Canada launches AI plant to challenge China’s rare earth grip

Rare earth processing facility using chemical separation tanks and industrial refining systems. Photo: Saskatchewan Research Council (SRC).
Rare earth processing facility using chemical separation tanks and industrial refining systems. Photo: Saskatchewan Research Council (SRC).

China currently dominates one of the most critical bottlenecks in the modern industrial economy – the processing of rare earth metals used in advanced electronics and military systems. Now, a new AI-driven facility in Canada is attempting to weaken that dominance.

In China, a typical rare earth processing plant employs hundreds of workers moving through networks of large chemical tanks. The work is often hazardous but essential for producing materials used in everything from smartphones to fighter jets and missile guidance systems.

China today accounts for roughly 90 per cent of global rare earth refining capacity. While many countries possess rare earth deposits, the complex chemical processing required to convert minerals into usable metals remains heavily concentrated in China.

A new project in the Canadian province of Saskatchewan aims to change that balance.

Since 2020, the Saskatchewan Research Council (SRC), a government-supported research organisation, has been building a rare earth processing facility funded by the provincial government of Saskatchewan and the federal government of Canada.
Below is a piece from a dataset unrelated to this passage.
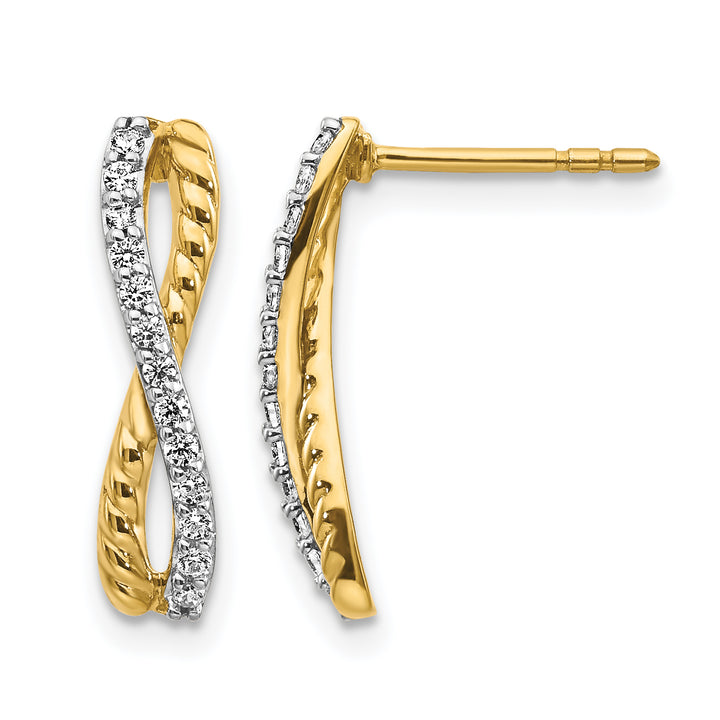 14k Two Tone Gold 1/5 CT Diamond Fancy Twist Post Earrings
The plant covers the entire chain from mineral concentrate to finished metal. It includes hydrometallurgy, chemical separation and metal smelting – all based on proprietary technologies developed in-house. The system was designed with a focus on operator safety and reduced environmental exposure to hazardous substances.

The facility is expected to be substantially completed in September 2026 and commissioned by December of the same year. After a ramp-up period, full operations are planned for 2027.
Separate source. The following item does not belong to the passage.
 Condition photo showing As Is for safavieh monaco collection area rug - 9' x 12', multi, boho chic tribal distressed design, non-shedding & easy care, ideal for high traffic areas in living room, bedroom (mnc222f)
AI controls complex chemical separation

One of the most technically demanding parts of rare earth production is separating up to 17 chemically similar elements.

In many Chinese plants, this work involves more than 200 workers manually adjusting valves and chemical flows across large separation systems.
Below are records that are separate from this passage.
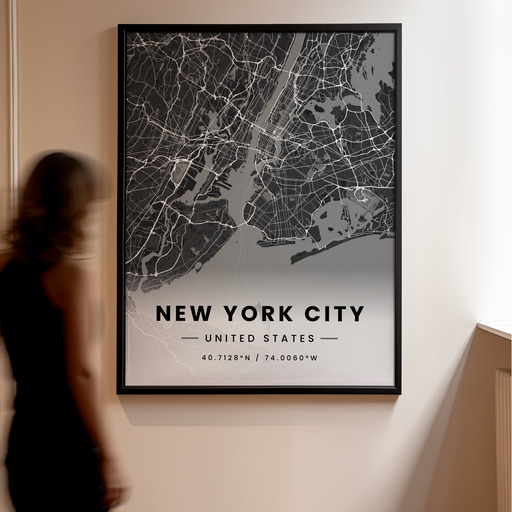 New York City in Dark Poster - Street Map 11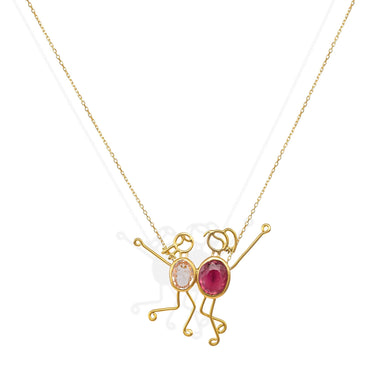 Handmade 18k gold necklace with pink tourmaline and morganite, symbolizing mother-child bond, PEGGY & RASHIDA.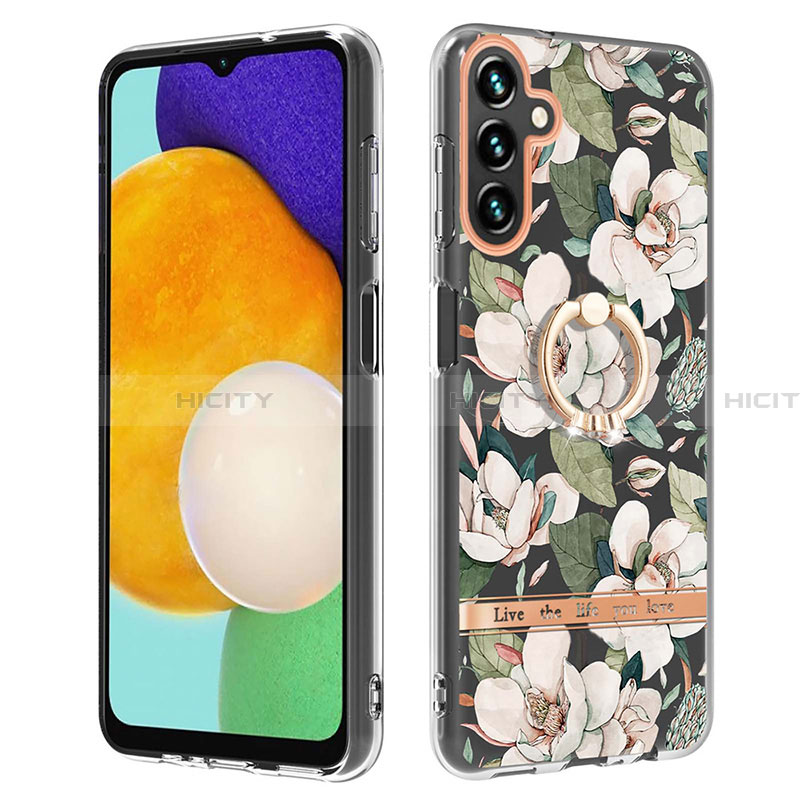 Handyhülle Silikon Hülle Gummi Schutzhülle Flexible Modisch Muster mit Fingerring Ständer Y06B für Samsung Galaxy A13 5G Weiß Plus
At the Saskatchewan facility, much of the process will instead be controlled by an AI-based operating system. The system continuously analyses thousands of data points and adjusts the process in real time.

The goal is to reduce waste, limit worker exposure to hazardous chemicals, and improve metal purity.

The facility is intentionally smaller than major Chinese plants, with roughly 25 to 30 per cent of the capacity of a full-scale refinery. For now, it functions largely as a demonstration plant for new processing technology.

Despite its size, developers say it can already produce high-purity rare earth metals.

North American supply chain without China

A key partner in the project is the U.S. company REalloys, listed on Nasdaq. The company has secured exclusive rights to a large portion of the metals produced at the Saskatchewan facility.

The materials will be shipped to the company’s metallization plant in Euclid, Ohio, where they will be converted into alloys and permanent magnets used in advanced defence systems.

Andy Sherman, chief science officer at REalloys, summarised the difference between raw materials and finished products in the supply chain.

– Concentrates are a commodity. Materials are a commitment.

Defence manufacturers do not purchase mineral concentrates. They buy processed materials that meet strict military specifications.

Realloys states that the supply chain – from raw material processing to finished components – is designed to operate entirely within North America without Chinese chemicals, technology or capital.

Export restrictions triggered new technology

China’s export control law, introduced in 2020, significantly restricted access to rare earth processing technologies.

As a result, engineers working on the Canadian facility had to develop new systems for separation, automation and process control.

The outcome was a new Western technology platform for rare earth processing that does not rely on Chinese equipment or industrial inputs.

The strategic importance of these metals has become increasingly clear. When China temporarily restricted exports of certain processed rare earth materials in recent years, disruptions quickly spread across global industries.

In one widely cited case, a Ford manufacturing plant halted production after a sudden interruption in supply.

Rare earth elements are also essential in modern military technology. A single F-35 fighter jet contains about 435 kilograms of rare earth materials. A modern U.S. destroyer requires around 4.5 tons, while a nuclear submarine uses roughly 1.5 tons.

Magnets containing heavy rare earth metals such as dysprosium and terbium are particularly critical for high-temperature performance in military systems.

Pentagon procurement rules set to take effect on 1 January 2027 will prohibit Chinese rare earth materials across U.S. defence supply chains. That regulation is expected to increase demand for alternative suppliers outside China.

Industry analysts note that building a fully independent rare earth supply chain could take five to seven years.

Fact:

Rare earth elements are a group of 17 metals used in electronics, permanent magnets, energy systems and advanced military technology. They are not actually rare in the Earth’s crust, but separating them into usable materials requires complex chemical processing – a stage currently dominated by China.